Reil revealed that the new twin-turbo 4.0-litre V8 will remain pegged to 552bhp, but only for this year. And how much power will it have after that? 'It needs to be 8-10% to really notice it,' revealed Reil. Reckon on at least 600bhp, then.
The RS6 Plus won't be built in limited numbers either, or be a run-out special. Both the TT RS Plus (with power raised from 335 to 355bhp) and new R8 V10 Plus (518 to 543bhp) are now full production models, and just as the RS variant of the A6 has been introduced within two years of the car's launch, so Plus variants will follow more quickly too.

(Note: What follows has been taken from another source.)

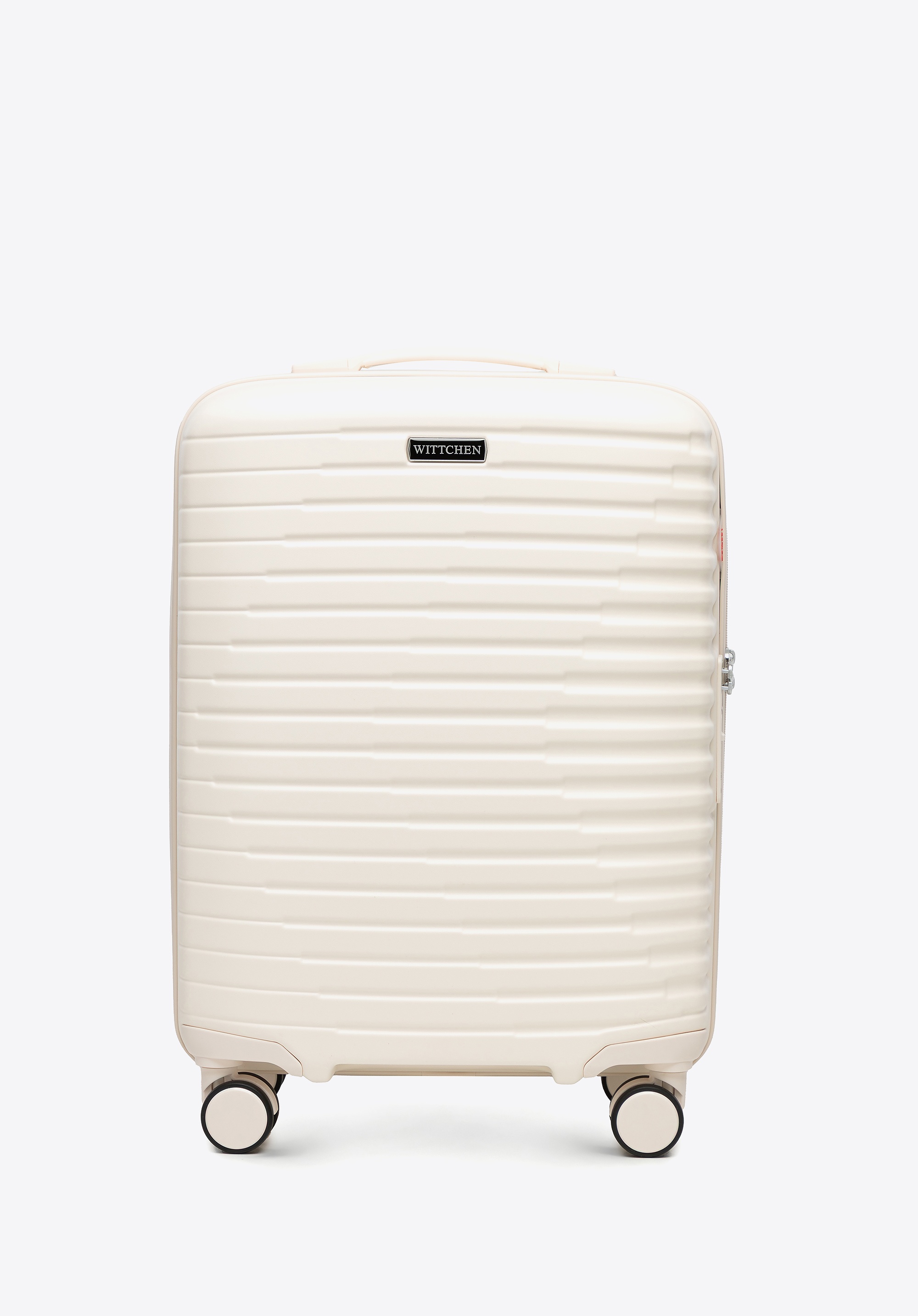 Walizka kabinowa z polikarbonu w poziome żebrowanie kremowa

Will future RS Plus models just get a healthy power boost?
No, as weight-saving is on the agenda too. 'A Plus model could have more power, or less weight, and a Plus model should always handle differently to the standard car,' Reil told CAR. That's why the R8 V10 Plus is 50kg lighter than the standard R8 V10, and why it has a unique suspension set-up too.

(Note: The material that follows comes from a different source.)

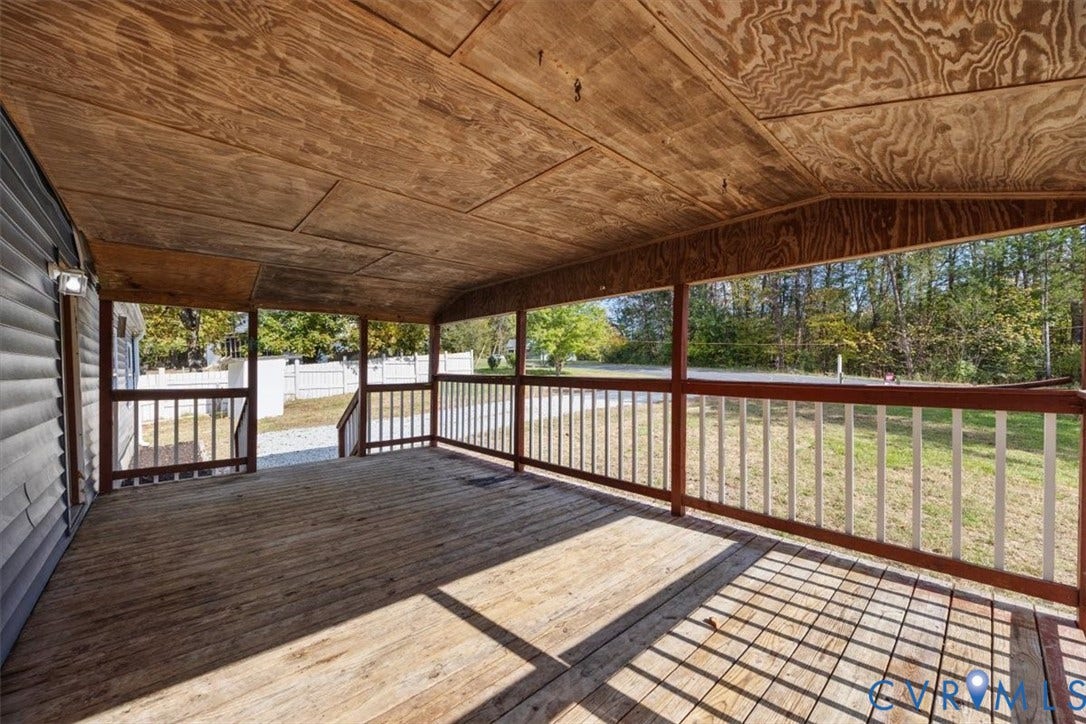 274 Frenchs Store Road, Cumberland, VA 23040 Covered country porch featuring wood-finish flooring and ceiling, and a protective railing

The R8 V10 Plus's weight savings come from carbonfibre bucket seats and carbon bodywork, but carbon won't always be the solution. The RS3 Sportback's carbon front wings saved 2kg versus a regular metal pressing, but Audi only expected to build 2000 units of its 335bhp hatchback. However, it's built nearer 6000, and admits aluminium would have been a better solution for such a production run.
Future weight savings won't just come from courtesy of Quattro either. Audi CEO Wolfgang Durheimer has confirmed carbon technology will be used in chassis construction in future Audis, which should see everything from the next-gen R8 to even the 2014 Q7 SUV shed the pounds in the relentless push for improved efficiency and higher performance.
Will there be an Audi RS5 Plus?
Audi's 5.2-litre V10 had more to give so an R8 V10 Plus model was relatively easy, but Reil admits that the 4.2-litre V8 is already pretty stretched. 'The naturally aspirated 4.2-litre V8 already has over 100bhp per litre – it could perhaps produce 455bhp to 460bhp, but that’s a 2% difference and you would not feel it.'
Weight savings and chassis changes could still produce an RS5 Plus but it's not a model likely to see production as the majority of customers always want more power. However, despite turbochargers taking over, Reil told CAR he loves the 4.2-litre V8 in the RS4 and RS5 and will fight for its future. Good news, we think.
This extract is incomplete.